■ **Requirement**:
With the material below, print exactly the lines between the line holding "Mini sac rabat Angèle en python - Fuchsia" and the line holding "Liste logiciels aide écriture lecture", inclusive. Add nothing else.

■ **The records**:
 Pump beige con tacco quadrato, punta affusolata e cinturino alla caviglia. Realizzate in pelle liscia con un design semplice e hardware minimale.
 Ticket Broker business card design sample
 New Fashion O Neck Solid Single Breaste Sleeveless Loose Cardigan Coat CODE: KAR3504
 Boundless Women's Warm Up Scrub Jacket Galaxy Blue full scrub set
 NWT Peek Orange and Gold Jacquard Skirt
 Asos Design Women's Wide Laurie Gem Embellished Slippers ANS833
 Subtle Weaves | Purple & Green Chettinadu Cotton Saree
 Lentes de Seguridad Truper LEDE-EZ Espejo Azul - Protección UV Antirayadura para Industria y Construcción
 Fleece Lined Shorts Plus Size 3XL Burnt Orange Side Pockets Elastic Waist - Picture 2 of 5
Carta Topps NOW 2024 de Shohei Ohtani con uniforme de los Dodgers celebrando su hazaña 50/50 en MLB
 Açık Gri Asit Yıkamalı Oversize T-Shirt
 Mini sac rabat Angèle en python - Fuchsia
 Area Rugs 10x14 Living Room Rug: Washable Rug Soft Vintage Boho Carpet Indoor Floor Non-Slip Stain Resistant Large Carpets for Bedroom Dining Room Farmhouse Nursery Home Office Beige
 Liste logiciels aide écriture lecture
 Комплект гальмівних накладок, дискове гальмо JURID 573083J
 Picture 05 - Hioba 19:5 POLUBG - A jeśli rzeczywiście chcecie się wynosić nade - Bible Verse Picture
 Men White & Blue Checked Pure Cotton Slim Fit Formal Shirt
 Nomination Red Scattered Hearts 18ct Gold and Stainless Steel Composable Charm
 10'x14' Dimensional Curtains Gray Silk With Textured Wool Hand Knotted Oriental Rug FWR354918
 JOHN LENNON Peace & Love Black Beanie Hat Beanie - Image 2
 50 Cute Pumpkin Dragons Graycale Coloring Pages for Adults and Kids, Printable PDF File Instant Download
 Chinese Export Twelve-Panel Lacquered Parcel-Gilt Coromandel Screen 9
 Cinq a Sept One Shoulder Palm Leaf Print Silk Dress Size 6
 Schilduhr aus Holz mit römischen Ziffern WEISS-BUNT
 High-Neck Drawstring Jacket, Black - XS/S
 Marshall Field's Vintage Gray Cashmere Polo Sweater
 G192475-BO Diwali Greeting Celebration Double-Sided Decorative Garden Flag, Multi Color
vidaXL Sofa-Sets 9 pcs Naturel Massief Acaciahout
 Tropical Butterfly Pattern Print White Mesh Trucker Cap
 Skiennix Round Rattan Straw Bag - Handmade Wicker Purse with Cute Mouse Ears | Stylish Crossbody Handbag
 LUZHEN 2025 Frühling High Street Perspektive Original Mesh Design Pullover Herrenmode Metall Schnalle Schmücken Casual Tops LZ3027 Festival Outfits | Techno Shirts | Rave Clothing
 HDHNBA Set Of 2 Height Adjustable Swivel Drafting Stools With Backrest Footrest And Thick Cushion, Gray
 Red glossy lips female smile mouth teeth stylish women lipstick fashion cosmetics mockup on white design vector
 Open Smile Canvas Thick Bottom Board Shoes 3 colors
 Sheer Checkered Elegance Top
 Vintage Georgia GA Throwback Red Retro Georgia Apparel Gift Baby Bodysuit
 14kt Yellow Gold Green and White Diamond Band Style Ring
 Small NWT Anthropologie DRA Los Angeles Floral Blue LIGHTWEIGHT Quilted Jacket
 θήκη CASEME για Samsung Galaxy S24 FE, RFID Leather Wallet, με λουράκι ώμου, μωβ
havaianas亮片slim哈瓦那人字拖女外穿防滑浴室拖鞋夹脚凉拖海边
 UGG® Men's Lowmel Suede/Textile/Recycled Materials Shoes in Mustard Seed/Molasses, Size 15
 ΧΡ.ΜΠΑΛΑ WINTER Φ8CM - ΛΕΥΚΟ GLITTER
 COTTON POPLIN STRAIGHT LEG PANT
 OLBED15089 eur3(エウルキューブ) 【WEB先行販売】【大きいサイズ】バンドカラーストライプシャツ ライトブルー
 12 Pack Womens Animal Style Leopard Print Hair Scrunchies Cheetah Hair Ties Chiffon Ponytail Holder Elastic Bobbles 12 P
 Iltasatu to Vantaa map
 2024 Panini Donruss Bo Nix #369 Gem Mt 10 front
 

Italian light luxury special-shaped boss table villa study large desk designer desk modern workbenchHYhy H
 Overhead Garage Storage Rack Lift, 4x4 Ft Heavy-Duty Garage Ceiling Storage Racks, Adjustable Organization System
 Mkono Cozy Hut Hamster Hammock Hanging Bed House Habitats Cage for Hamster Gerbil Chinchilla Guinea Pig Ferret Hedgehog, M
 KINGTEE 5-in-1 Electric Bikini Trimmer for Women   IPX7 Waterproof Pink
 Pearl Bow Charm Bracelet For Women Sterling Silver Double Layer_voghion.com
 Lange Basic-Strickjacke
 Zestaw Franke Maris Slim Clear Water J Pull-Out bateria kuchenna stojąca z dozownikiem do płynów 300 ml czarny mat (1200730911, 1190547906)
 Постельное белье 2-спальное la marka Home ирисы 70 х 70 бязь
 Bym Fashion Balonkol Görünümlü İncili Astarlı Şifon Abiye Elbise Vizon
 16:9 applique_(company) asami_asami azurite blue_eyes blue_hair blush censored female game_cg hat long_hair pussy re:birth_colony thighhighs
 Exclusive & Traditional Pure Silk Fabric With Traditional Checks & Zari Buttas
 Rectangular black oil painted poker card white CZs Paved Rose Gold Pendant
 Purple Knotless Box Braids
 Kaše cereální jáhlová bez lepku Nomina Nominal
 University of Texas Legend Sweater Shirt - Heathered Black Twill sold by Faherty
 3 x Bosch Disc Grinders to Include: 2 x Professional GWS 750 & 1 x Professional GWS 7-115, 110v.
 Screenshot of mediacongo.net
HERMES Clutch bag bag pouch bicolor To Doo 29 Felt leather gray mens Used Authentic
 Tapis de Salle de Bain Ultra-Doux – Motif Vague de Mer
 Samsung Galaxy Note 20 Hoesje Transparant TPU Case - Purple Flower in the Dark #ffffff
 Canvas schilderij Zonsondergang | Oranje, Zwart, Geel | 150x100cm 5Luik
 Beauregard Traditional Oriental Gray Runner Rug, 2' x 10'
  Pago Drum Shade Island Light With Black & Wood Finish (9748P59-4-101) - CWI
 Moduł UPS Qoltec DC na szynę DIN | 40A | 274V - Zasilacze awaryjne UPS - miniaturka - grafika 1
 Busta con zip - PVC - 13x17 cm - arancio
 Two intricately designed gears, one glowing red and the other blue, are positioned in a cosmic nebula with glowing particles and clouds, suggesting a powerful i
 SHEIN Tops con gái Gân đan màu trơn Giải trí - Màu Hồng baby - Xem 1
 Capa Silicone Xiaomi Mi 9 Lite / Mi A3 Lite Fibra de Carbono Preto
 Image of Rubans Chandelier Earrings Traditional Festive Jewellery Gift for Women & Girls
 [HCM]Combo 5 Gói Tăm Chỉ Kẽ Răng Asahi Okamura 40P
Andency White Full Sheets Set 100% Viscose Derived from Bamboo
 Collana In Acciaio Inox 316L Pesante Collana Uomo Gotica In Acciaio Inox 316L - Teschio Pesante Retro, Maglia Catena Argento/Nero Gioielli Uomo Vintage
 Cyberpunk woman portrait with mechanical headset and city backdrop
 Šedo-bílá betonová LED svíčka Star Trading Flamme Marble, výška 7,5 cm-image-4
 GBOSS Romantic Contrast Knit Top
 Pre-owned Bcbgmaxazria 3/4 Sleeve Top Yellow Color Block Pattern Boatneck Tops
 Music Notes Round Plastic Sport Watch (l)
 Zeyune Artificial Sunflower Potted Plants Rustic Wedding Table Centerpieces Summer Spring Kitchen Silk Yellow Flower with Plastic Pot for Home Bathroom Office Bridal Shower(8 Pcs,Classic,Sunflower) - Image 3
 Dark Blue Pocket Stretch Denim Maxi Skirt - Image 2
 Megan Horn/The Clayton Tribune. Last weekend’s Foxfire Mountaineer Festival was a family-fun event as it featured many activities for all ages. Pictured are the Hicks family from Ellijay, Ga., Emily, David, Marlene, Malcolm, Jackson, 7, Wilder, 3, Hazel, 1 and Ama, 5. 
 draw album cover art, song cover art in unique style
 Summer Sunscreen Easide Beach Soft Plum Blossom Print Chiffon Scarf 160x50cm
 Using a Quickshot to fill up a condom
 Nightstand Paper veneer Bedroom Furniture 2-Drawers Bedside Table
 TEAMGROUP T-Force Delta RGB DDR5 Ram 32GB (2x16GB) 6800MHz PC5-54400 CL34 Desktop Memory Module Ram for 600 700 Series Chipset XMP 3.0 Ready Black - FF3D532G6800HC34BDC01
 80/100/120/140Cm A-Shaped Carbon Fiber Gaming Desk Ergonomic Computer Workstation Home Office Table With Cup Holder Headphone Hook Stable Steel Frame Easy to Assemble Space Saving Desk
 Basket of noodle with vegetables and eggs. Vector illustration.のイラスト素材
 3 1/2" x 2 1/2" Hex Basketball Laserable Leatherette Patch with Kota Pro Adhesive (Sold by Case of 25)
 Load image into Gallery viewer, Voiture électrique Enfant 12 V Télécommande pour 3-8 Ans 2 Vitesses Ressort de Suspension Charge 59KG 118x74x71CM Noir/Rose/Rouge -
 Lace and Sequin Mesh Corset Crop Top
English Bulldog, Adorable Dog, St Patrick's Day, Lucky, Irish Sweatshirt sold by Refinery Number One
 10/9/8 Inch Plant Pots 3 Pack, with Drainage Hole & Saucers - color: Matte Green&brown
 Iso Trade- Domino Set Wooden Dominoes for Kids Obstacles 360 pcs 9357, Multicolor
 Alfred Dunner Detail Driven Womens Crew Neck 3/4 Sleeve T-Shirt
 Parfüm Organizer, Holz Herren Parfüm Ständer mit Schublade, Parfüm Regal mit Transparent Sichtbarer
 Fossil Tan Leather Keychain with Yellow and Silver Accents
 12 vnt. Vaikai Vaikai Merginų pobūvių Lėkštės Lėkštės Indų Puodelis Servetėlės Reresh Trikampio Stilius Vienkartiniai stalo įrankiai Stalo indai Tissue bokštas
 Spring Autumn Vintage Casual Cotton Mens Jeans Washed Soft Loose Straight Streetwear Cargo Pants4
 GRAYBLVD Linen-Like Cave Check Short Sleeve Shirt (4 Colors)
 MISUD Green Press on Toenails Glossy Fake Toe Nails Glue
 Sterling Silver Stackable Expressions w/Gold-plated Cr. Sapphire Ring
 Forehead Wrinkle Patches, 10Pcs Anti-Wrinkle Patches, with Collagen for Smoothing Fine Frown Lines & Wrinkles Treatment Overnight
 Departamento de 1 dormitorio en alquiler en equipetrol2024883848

■ **Reply**:
 Mini sac rabat Angèle en python - Fuchsia
 Area Rugs 10x14 Living Room Rug: Washable Rug Soft Vintage Boho Carpet Indoor Floor Non-Slip Stain Resistant Large Carpets for Bedroom Dining Room Farmhouse Nursery Home Office Beige
 Liste logiciels aide écriture lecture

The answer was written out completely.